There have already been a few responses to this post on places other than this site. One response argued that the samples which I and/or Natural Historian took were not representative of the fossil record. Here is my brief response:

Take a trip through the Midwest sometime and look at the cuts through the highways. Every single time you pass through one in Kansas it is absolutely filled with limestone and fossil-rich rock. The same happens  through most of Missouri, Illinois, Indiana, etc. I could literally walk up to a wall of shells and pull out a huge sampling of them.

Now suppose this isn’t representative. Suppose that it just so happened, at random, that the roads were set up in such a way that they only hit the most fossil-rich deposits out there.
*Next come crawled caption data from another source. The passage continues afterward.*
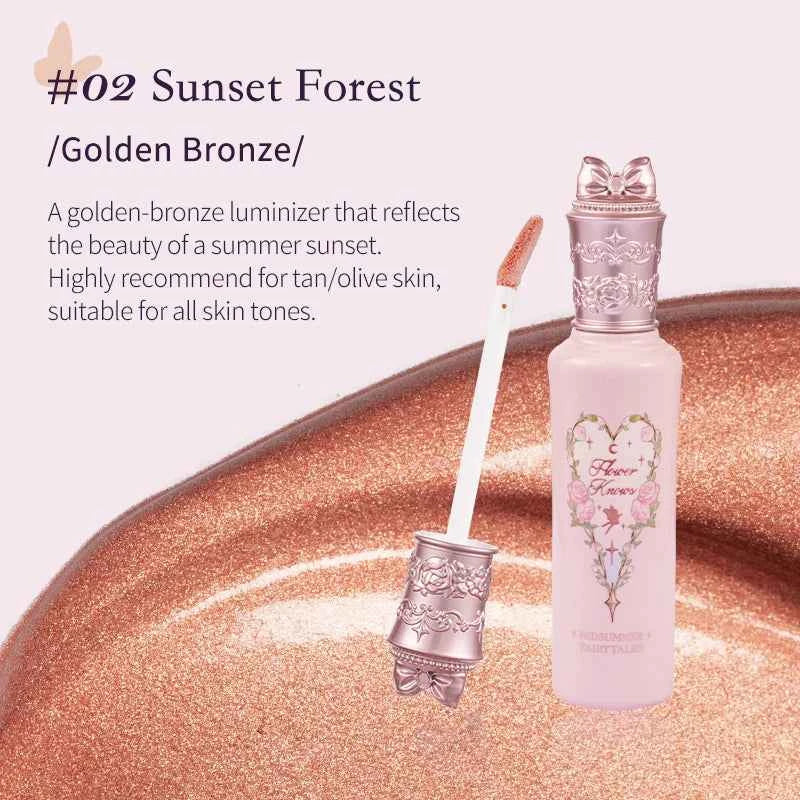 Flowerknows Midsummer Fairytales Collection Liquid Highlighter（Multichrome）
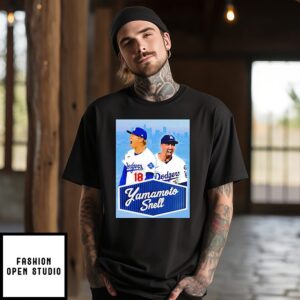 Yoshinobu Yamamoto And Blake Snell Yamamoto Snell T-Shirt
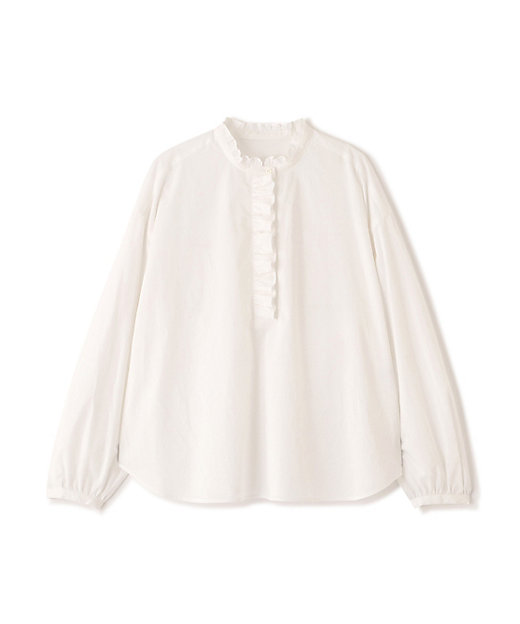 ◇フリルブラウス（0776110318） | human woman (Women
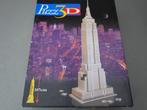 3D puzzel empire state building, Verzenden, Minder dan 500 stukjes, Rubik's of 3D-puzzel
What does that mean?

Not very much. We can observe these same deposits all over the world. The sheer amount of these deposits means that we could very easily produce the number of fossils Natural Historian estimates over just the Midwest.
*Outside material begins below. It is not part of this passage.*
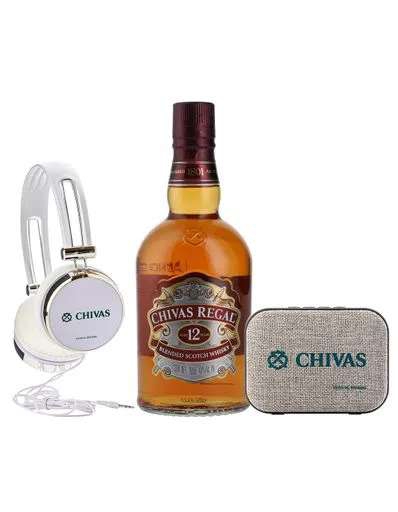 Bodegas Alianza: Chivas Regal con regalo y 33% de descuento 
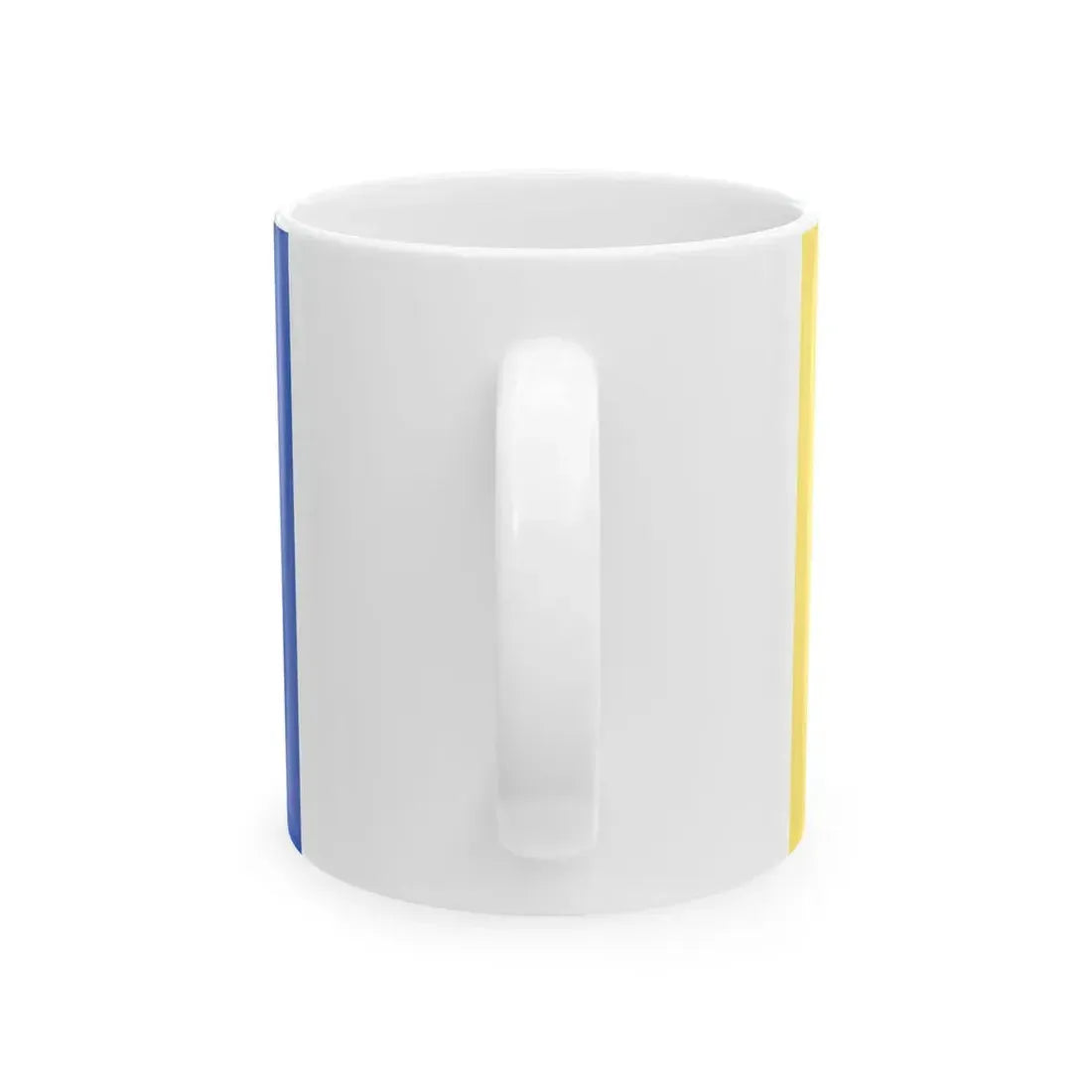 Segrate-Bandiera (Italy) White Coffee Mug - Go Mug Yourself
Again, to clarify, I’m saying let’s assume that Natural Historian overestimated several thousand(milliion?)-fold and so the number of fossils he estimates for the midwest can only be gathered if we collect them from all over the earth, and only from those highway cuts or other points of exposure where such deposits have observed (again, making the extreme assumption that only those places which have happened to get hit by highways or erosion are those with these deposits). But in that case, we can still gather enough fossils to say the entire surface of the earth could be covered by about 15 fossils per square foot.

But wait–these fossils don’t occur in deep oceans or on land. They only occur in shallow oceans. Suddenly we’re up to about 30 per square foot if we assume they occurred in water anywhere (including riverbeds, deep oceans, and the like). But eliminate the places these types of fossils do not occur and the number of fossils increases even more.

Suddenly we find that the exact problem I raised above remains a problem–even if we only take those fossils which are exposed now (and again note that this is a huge underestimate and requires extreme blind faith that there are no other fossils under the ground anywhere, not to mention the fact that there may be even more fossils that are exposed which could drive that number up exponentially). There has been simply too much life on earth to maintain a young earth position.